▶ Work instructions:
Copy out the data below as written; omit any images.

Entries taken from a collection
━━━━━━━━━━
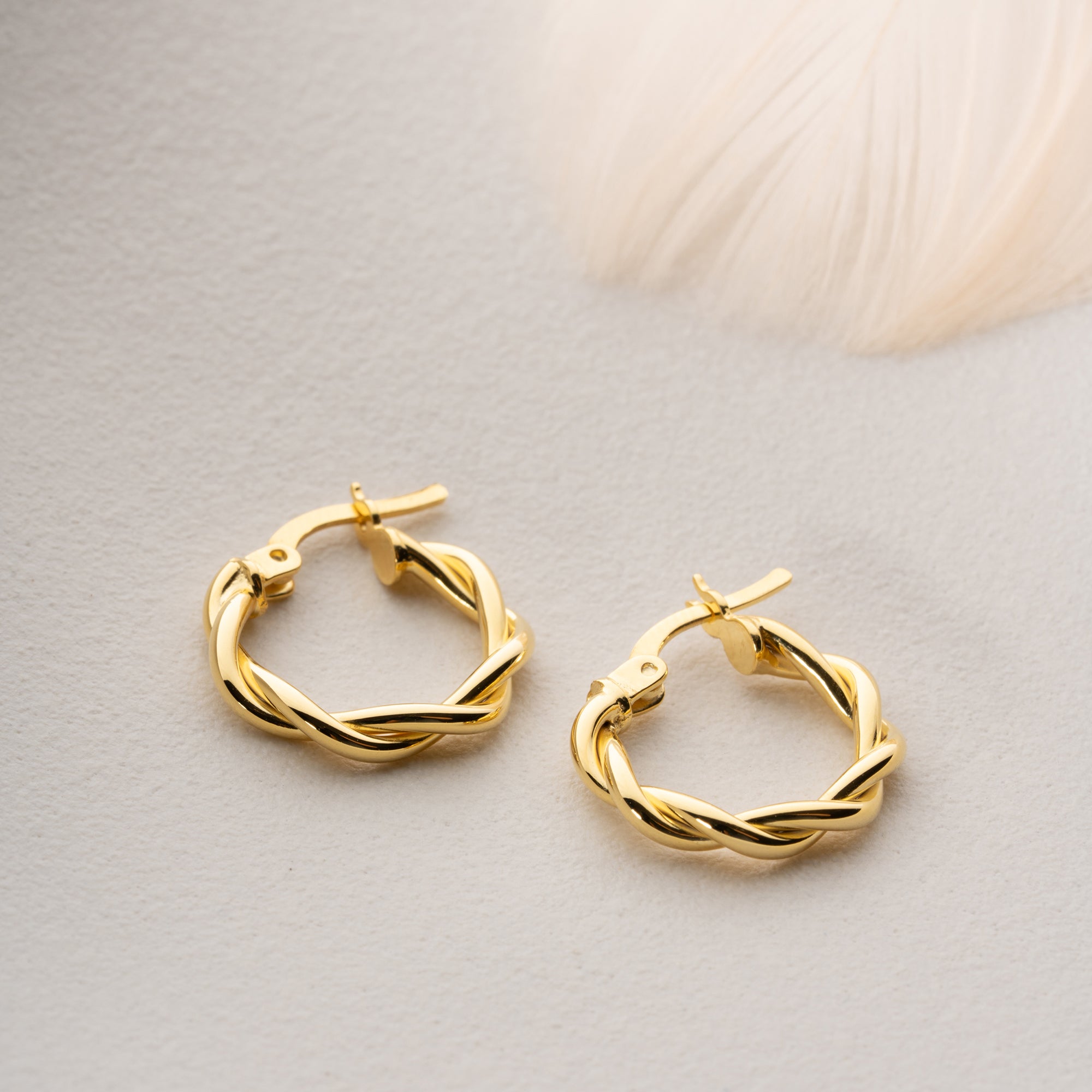 MINIMALISTISKA KORDELLÖRHÄNGEN | 925 SILVER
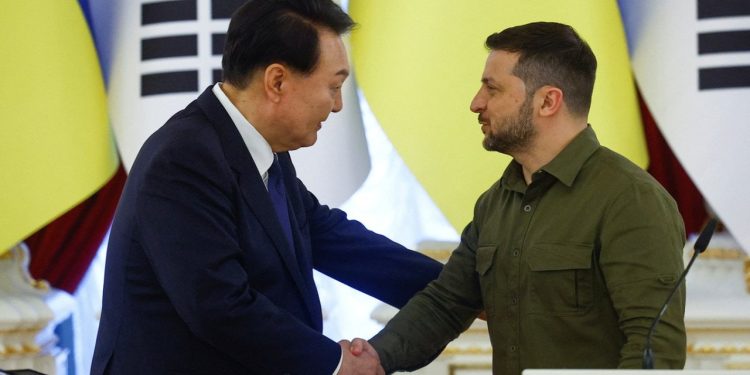 Güney Kore Devlet Başkanı'dan Ukrayna'ya sürpriz ziyaret: Askeri malzeme ve insani yardım sözü verdi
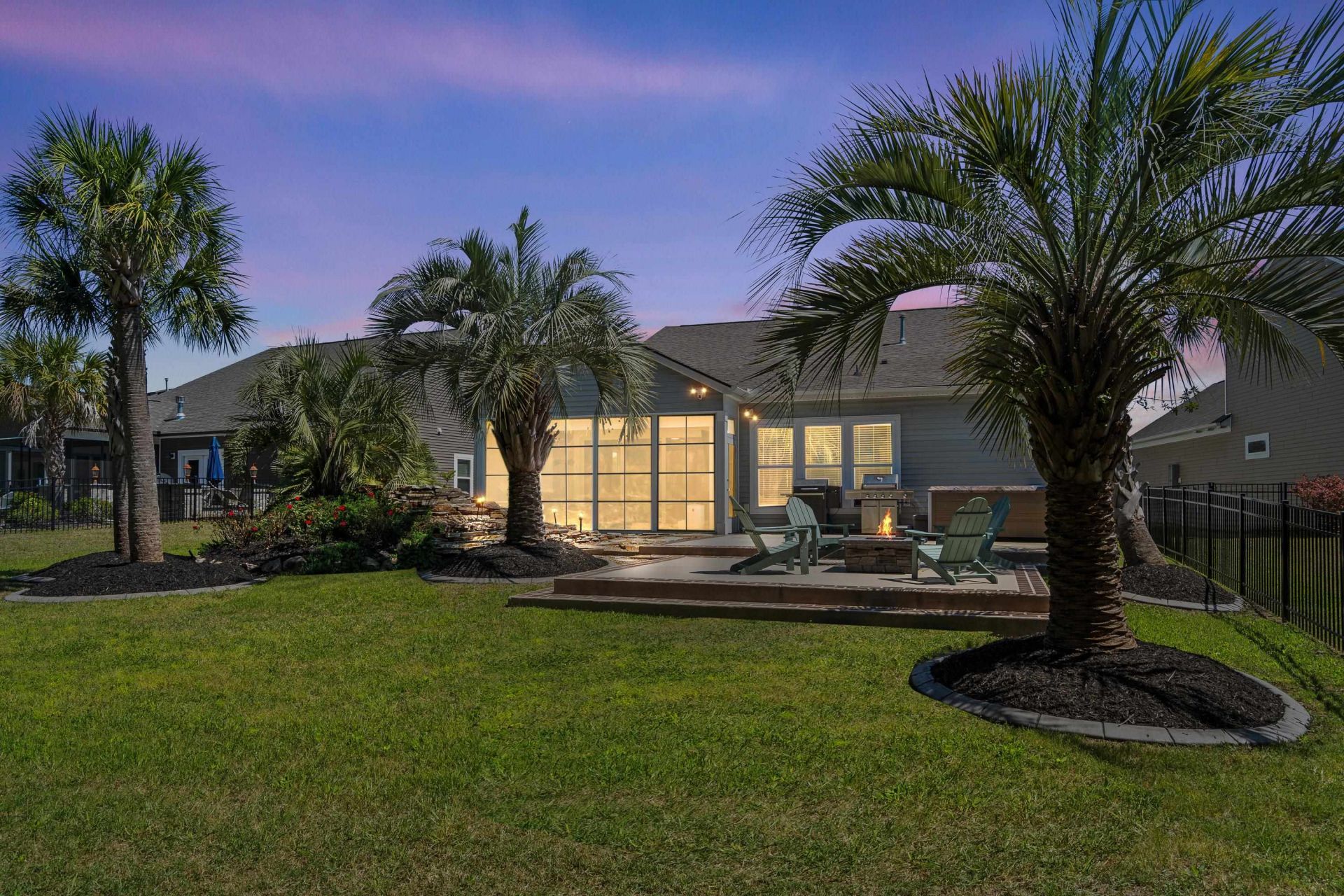 526 Carnaby Loop Photo 52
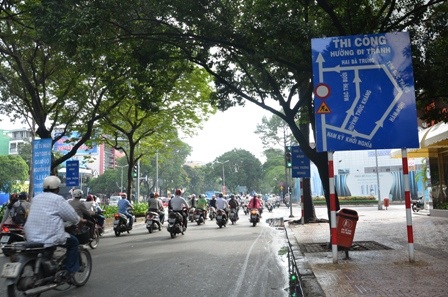 Biển báo thi công công trình được gắn ở khu vực trung tâm TP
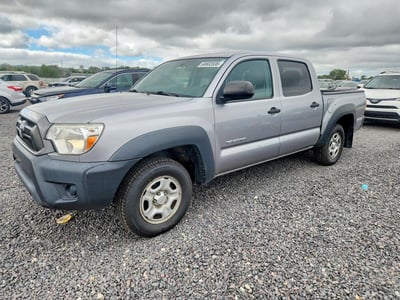 5TFJX4CN4FX****** 2015 Toyota Tacoma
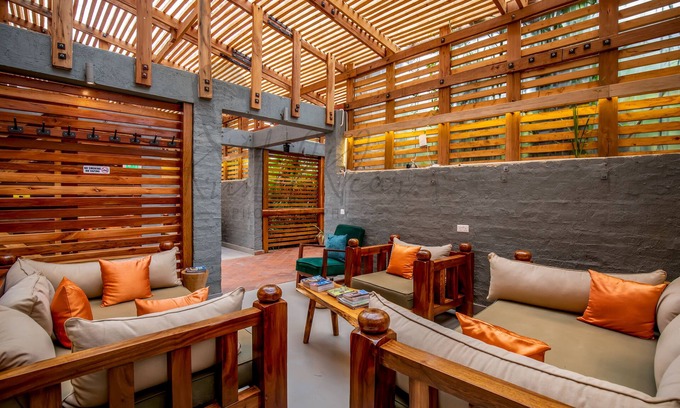 Luhizha Cabin | Kiho Gorilla Safari Lodge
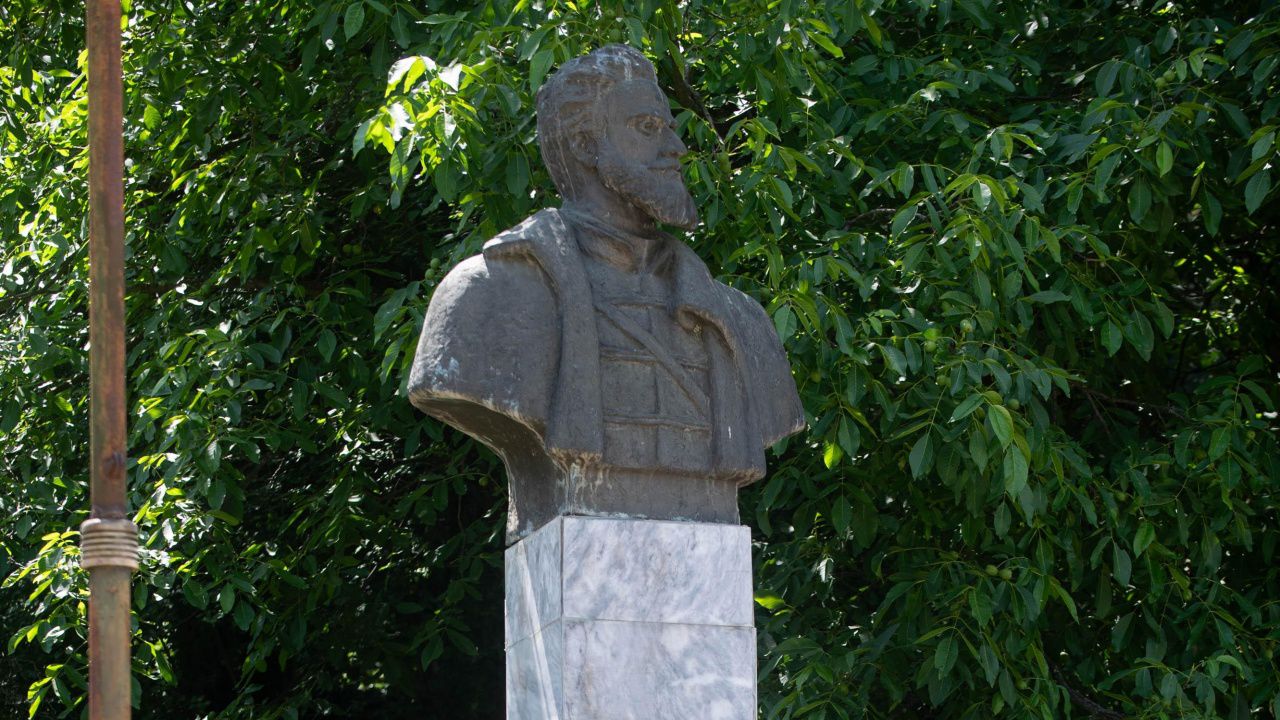 Служебният кабинет осигурява средства за ремонт на паметника на Христо Ботев във Враца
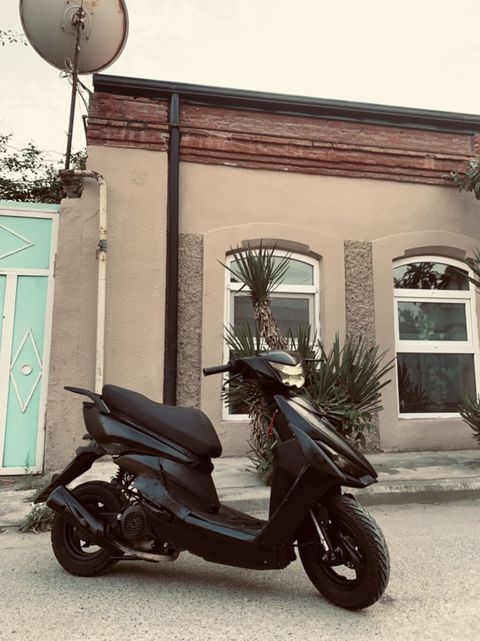 Skuter 80cc – şəhərdaxili gediş-gəliş üçün kompakt və çevik 2 təkərli — Gəncə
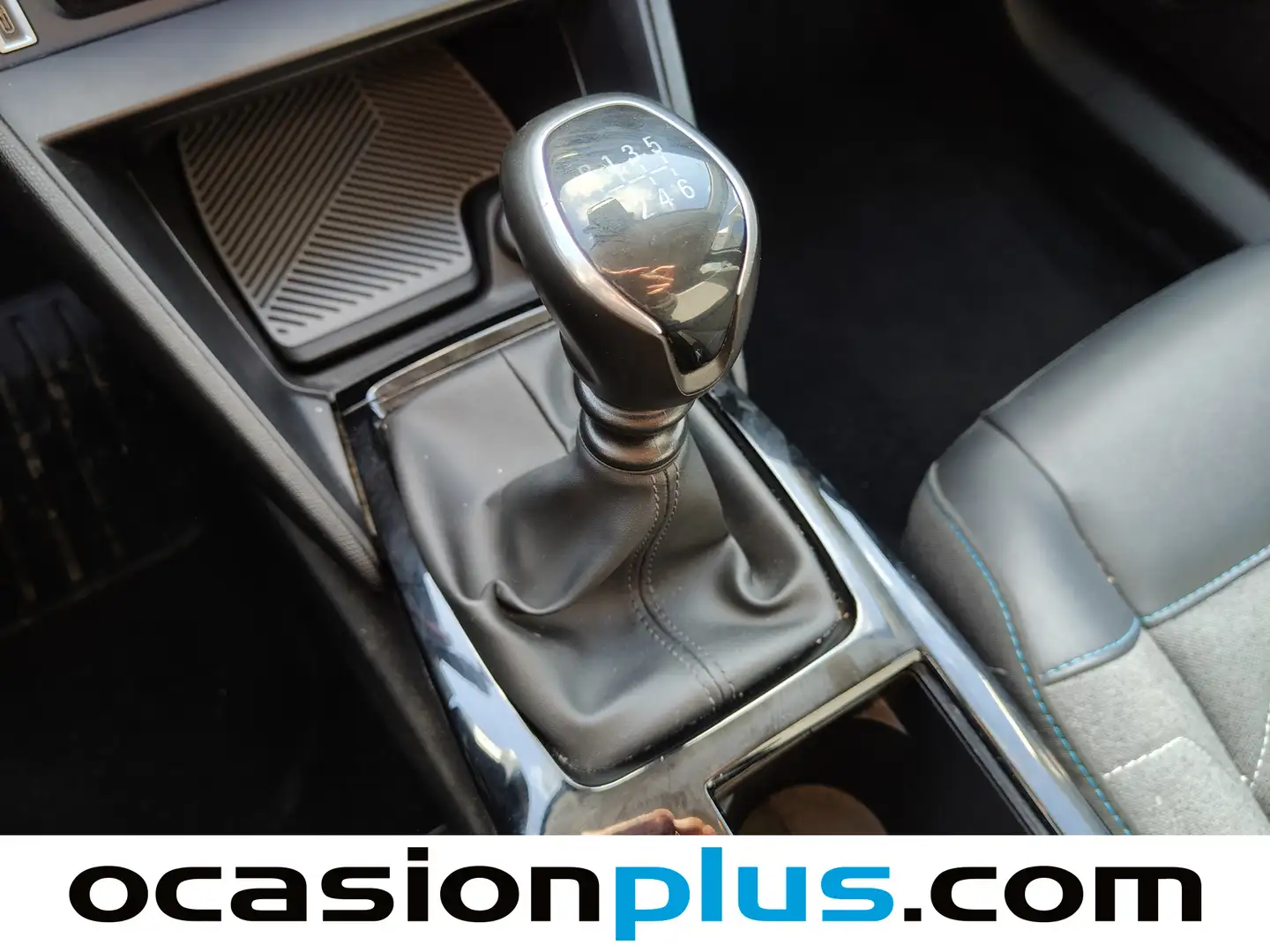 Foto Citroën C4 Citroen C4 PureTech 130 S&S 6v Feel Pack (130 CV)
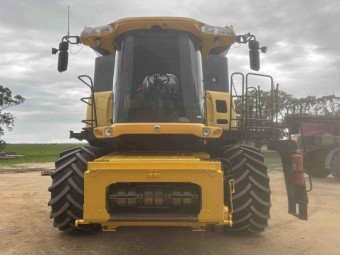 2009 New Holland CR9070 Header & 40ft 2009 Macdon D60 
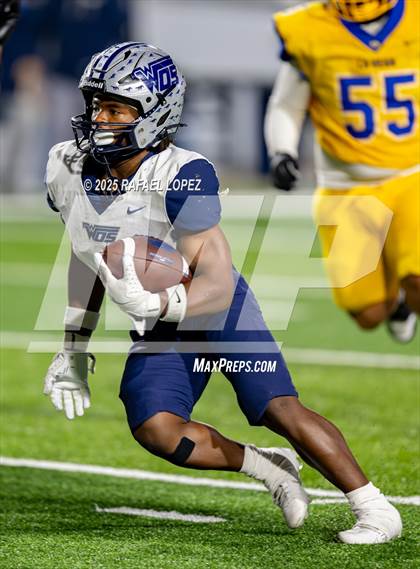 Thumbnail 3 in West Orange-Stark @ La Vega (UIL 4A D2 Football Quarterfinals) photogallery.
━━━━━━━━━━
▶ Response to the task:
 MINIMALISTISKA KORDELLÖRHÄNGEN | 925 SILVER
 Güney Kore Devlet Başkanı'dan Ukrayna'ya sürpriz ziyaret: Askeri malzeme ve insani yardım sözü verdi
 526 Carnaby Loop Photo 52
 Biển báo thi công công trình được gắn ở khu vực trung tâm TP
 5TFJX4CN4FX****** 2015 Toyota Tacoma
 Luhizha Cabin | Kiho Gorilla Safari Lodge
 Служебният кабинет осигурява средства за ремонт на паметника на Христо Ботев във Враца
 Skuter 80cc – şəhərdaxili gediş-gəliş üçün kompakt və çevik 2 təkərli — Gəncə
 Foto Citroën C4 Citroen C4 PureTech 130 S&S 6v Feel Pack (130 CV)
 2009 New Holland CR9070 Header & 40ft 2009 Macdon D60 
 Thumbnail 3 in West Orange-Stark @ La Vega (UIL 4A D2 Football Quarterfinals) photogallery.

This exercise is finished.